The branch prediction and branch target buffers can reduce branch-related penalties a great deal. The operating system and platform level software must ensure that the branch target buffer (BTB) is enabled.
The BTB has only 32 entries. The size of the branch target buffer limits the number of correctly predictable branches. Because the total number of branches executed in a program is relatively large compared to the size of the branch target buffer, it is often beneficial to minimize the number of branches in a program. Consider the following C code segment:
int
foo(int a) {
if (a > 10)
return 0;
else
return 1;
}
The code generated for the if...else portion of this code segment using branches is:
cmp r0,#10
ble
L1
mov
r0,#0
b
L2
L1:
mov
r0,#1
L2:
This code takes three cycles to execute the else statement and four cycles for the if statement assuming best-case conditions and no branch misprediction penalties. In the case of the XScale, a branch misprediction incurs a penalty of four cycles.
If the branch is mispredicted 50 percent of the time and if both the if statement and the else statement are equally likely to be taken, on an average the code above takes 5.5 cycles to execute.

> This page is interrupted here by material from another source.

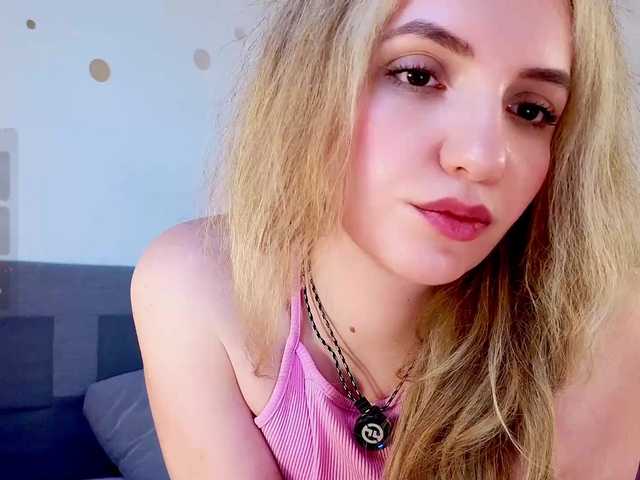 marykiskis live cam on BongaCams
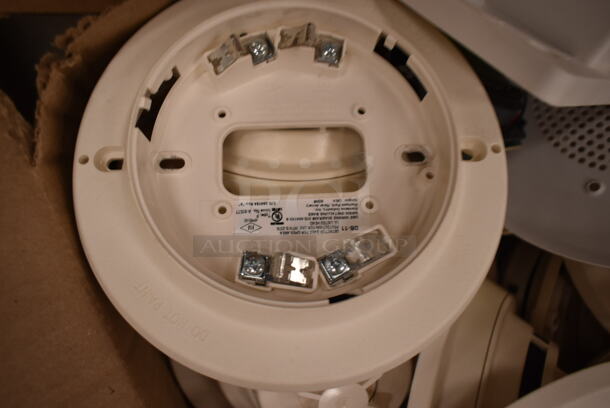 ALL ONE MONEY! Lot of Approximately 50 Pieces to Fire Alarms / Strobes / Speakers. (front room) - Image 2 of 5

Using the XScale to execute instructions conditionally, the code generated for the preceding if...else statement is:
cmp
r0,#10
movgt r0,#0
movle r0,#1
The preceding code segment would not incur any branch misprediction penalties and would take three cycles to execute assuming best-case conditions. Using conditional instructions helps to speed up execution significantly.
Use Conditional Instruction
Many embedded applications, such as parsing of a packet or looking for
a peak in a spectrum, are loop intensive. Branch density - the number
of instructions per branch - can be high, which may mean that the
number of instructions in a loop or number of instructions between two
branches is low. Each loop has management overhead - counting the loop
pointer and comparing for the exit condition - associated with it.
The XScale provides the ability to execute instructions conditionally based on a set of conditional flags. This conditional execution feature, combined with the ability of the instructions to modify the condition codes, makes a wide array of optimizations possible.
Optimizing Condition Checks
Core instructions can selectively modify the state of the condition
codes. When generating code for if...else and loop conditions, it is
often beneficial to make use of this feature to set condition codes,
thereby eliminating the need for a subsequent compare instruction.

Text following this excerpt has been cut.